Everything from the line holding "Erosi N Corneal Por Ara Azo Youtube" to the end of the listing below should be copied exactly, line for line, minus the pictures.

■ Supplied material:
□ □ □

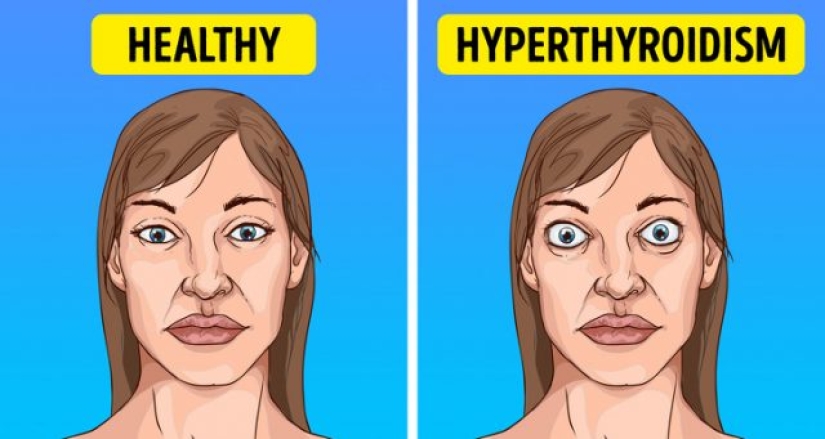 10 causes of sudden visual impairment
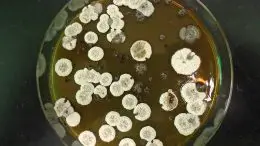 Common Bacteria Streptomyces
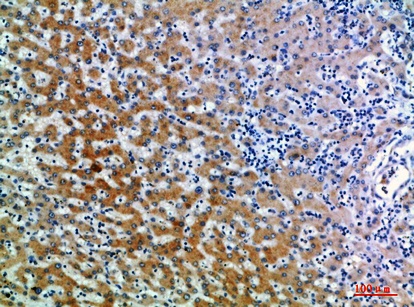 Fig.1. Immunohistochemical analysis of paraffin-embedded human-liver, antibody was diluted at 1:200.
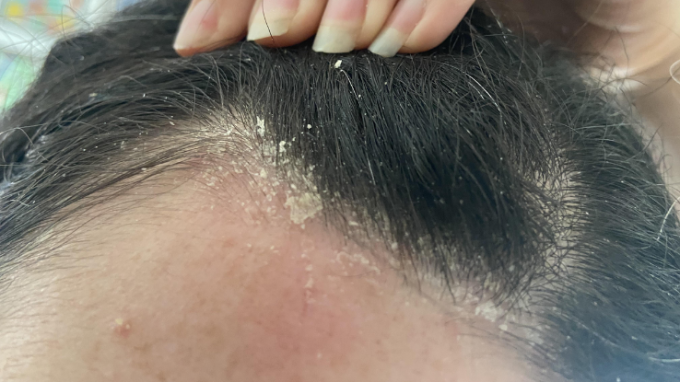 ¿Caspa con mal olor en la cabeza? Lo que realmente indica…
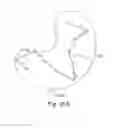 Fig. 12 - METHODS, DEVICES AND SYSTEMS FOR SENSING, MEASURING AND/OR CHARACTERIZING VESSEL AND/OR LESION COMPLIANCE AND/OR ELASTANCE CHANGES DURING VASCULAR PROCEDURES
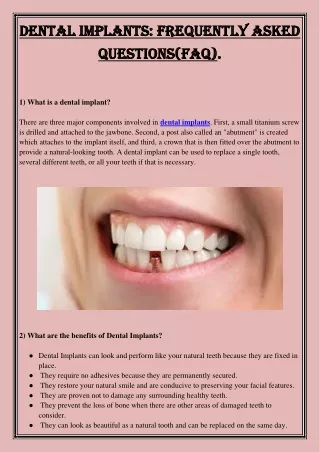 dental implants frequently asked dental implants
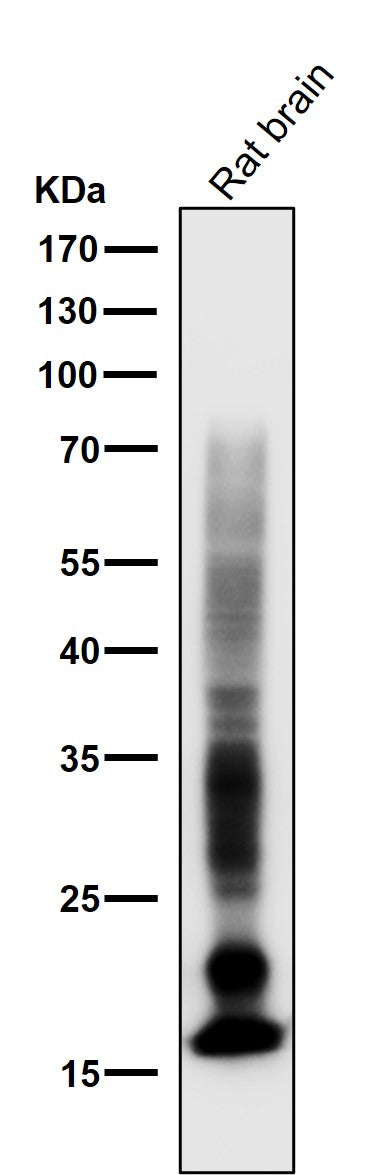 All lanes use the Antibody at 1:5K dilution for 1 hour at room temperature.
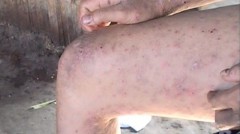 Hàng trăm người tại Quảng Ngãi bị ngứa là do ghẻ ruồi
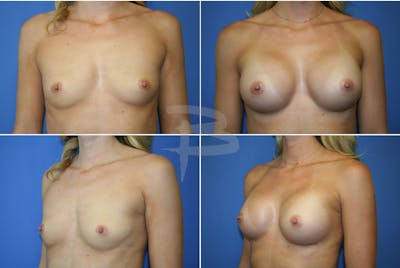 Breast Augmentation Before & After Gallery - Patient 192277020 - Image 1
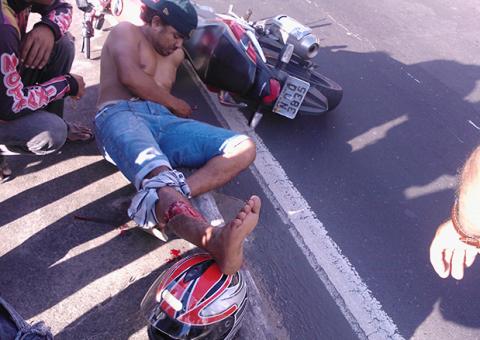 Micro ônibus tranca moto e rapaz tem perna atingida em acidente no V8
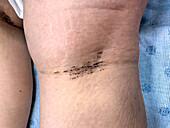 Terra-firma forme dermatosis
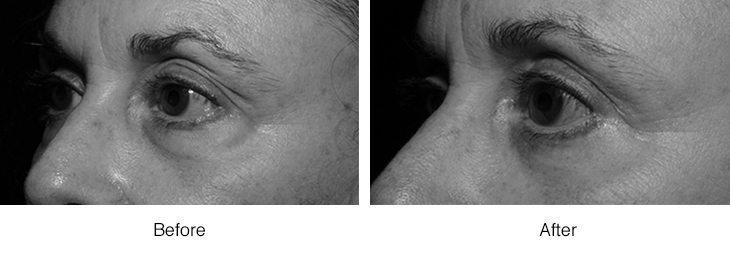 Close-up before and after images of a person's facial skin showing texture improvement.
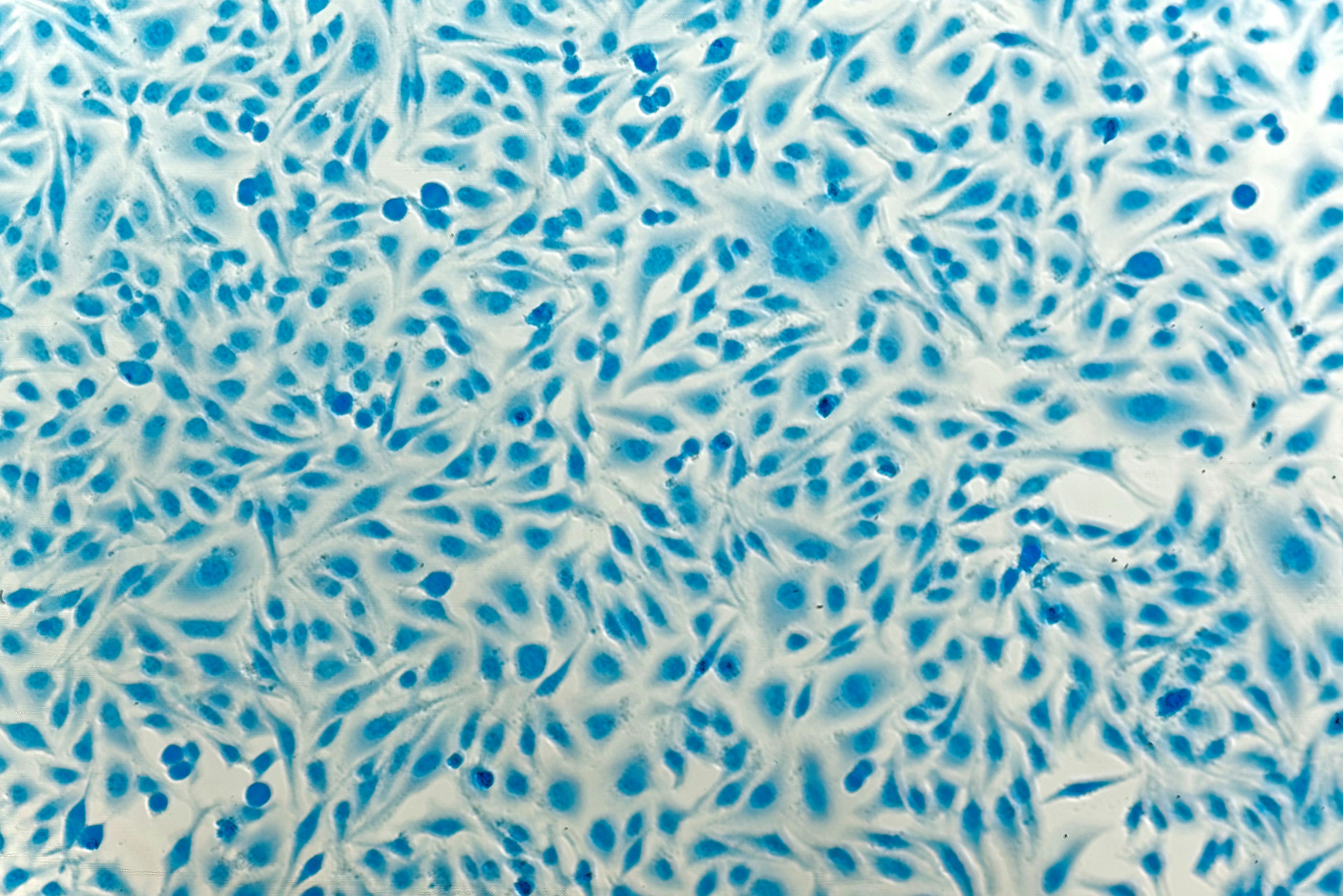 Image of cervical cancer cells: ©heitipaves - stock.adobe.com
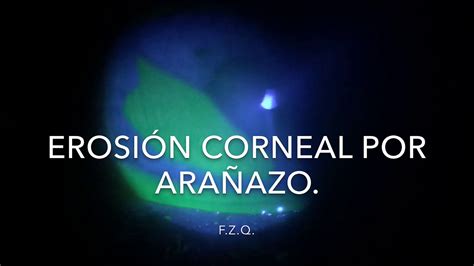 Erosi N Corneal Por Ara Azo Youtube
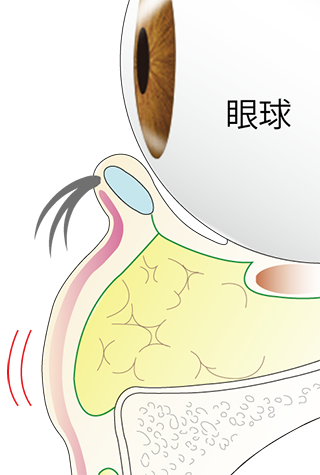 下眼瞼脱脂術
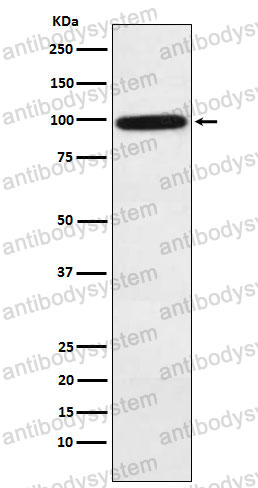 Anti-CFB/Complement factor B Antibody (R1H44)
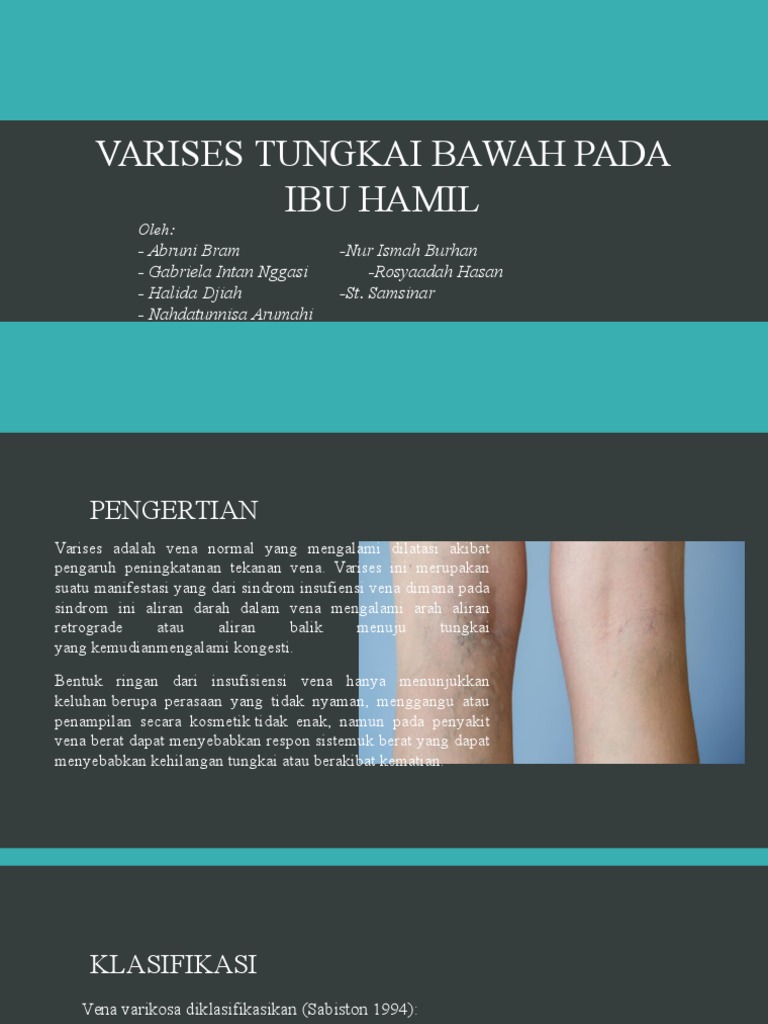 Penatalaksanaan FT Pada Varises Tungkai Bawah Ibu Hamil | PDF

□ □ □

■ Output of the exercise:
 Erosi N Corneal Por Ara Azo Youtube
 下眼瞼脱脂術
 Anti-CFB/Complement factor B Antibody (R1H44)
 Penatalaksanaan FT Pada Varises Tungkai Bawah Ibu Hamil | PDF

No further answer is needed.